Particularly (though not only) when another court has already issued a contrary pronouncement on the same question, issuing a nationwide injunction causes substantial interference with the power of other courts, and with the process of helping frame issues that might ultimately be taken up by the Supreme Court.
A related problem is that nationwide injunctions under such circumstances also encourage what lawyers call “forum shopping”—that is, picking a particular place to sue not because of the convenience of the parties or the location of the witnesses or evidence (which are legitimate factors for choosing a particular venue), but because of a predicted outcome. And, that indeed seems to be what is going on in this case. Most of the fifteen plaintiffs in the Texas case are states or government agencies located in states outside of Texas. And, even more importantly, most of the plaintiffs are located in jurisdictions where there is existing law contrary to their position. As one of the amicus briefs filed in the case puts it: “Plaintiffs Alabama, Arizona Department of Education, Georgia, Huber-Overgaard Unified School District, Kentucky, Tennessee, and West Virginia would lose this lawsuit if they filed it in their home states or anywhere in the federal circuits whose law governs them.” Indeed one of the plaintiffs—West Virginia—is in the Fourth Circuit, which, as noted above, has already issued a contrary order on the precise question presented to the Texas district court. And West Virginia made the very same arguments to the Texas court that it unsuccessfully made to as an amicus in the Fourth Circuit. Giving plaintiffs an incentive and opportunity to have multiple bites at the apple like this would not promote efficiency or fairness.

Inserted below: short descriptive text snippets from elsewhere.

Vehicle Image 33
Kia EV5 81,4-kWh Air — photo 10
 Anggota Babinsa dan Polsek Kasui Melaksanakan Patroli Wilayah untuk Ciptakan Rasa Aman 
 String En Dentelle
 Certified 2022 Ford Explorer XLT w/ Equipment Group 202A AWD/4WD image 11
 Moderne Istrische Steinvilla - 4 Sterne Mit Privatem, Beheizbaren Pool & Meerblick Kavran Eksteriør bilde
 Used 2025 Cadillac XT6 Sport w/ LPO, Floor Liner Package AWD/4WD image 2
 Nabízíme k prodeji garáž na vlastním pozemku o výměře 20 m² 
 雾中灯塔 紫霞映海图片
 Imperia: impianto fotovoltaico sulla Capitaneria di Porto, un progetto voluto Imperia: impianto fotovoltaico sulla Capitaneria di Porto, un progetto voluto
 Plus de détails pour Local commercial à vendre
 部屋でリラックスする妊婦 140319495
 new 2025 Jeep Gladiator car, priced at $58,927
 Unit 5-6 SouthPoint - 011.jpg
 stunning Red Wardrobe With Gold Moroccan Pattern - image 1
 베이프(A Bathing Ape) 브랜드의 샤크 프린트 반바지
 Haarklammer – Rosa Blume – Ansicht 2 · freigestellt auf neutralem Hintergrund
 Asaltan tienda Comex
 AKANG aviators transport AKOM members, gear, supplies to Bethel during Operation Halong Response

In its 38-page opinion, the Texas federal court discusses the propriety of nationwide relief in just a sentence or two, and cites only one case—a Supreme Court case in which nationwide relief was upheld, but where there was a class action that had been certified in which the plaintiff class was itself nationwide, and where the lower courts had been careful not to allow their injunctions to affect other pending or likely litigations. In short, the district court gave no reasons or analysis to justify its presumptively overbroad relief.
For the record, we should note that one of us, Dean Amar, has in other commentary (including here and here) questioned an overly broad injunction that obtained a liberal result (as contrasted with the conservative result reached by the Texas district court case). In the prior instance, a few same-sex couples sued California officials to obtain marriage licenses even though state law, California Proposition 8, limited marriage in California to a union between a man and a woman. The district court judge, Vaughn Walker, issued what on its face appeared to be a statewide ban on California officials applying Proposition 8 to any same-sex couples, not just the plaintiffs before him. Dean Amar argued (relying on the legal principles discussed above) that, absent class action certification (which might have been plausible but which wasn’t sought), the district court’s remedy should have been limited to the plaintiffs in the case.
We mention this because procedural rules, by definition, are supposed to be trans-substantive, and when they seem result-oriented (as they did here in Texas given the absence of analysis and care offered by the district court), cynicism about the judicial system is the result.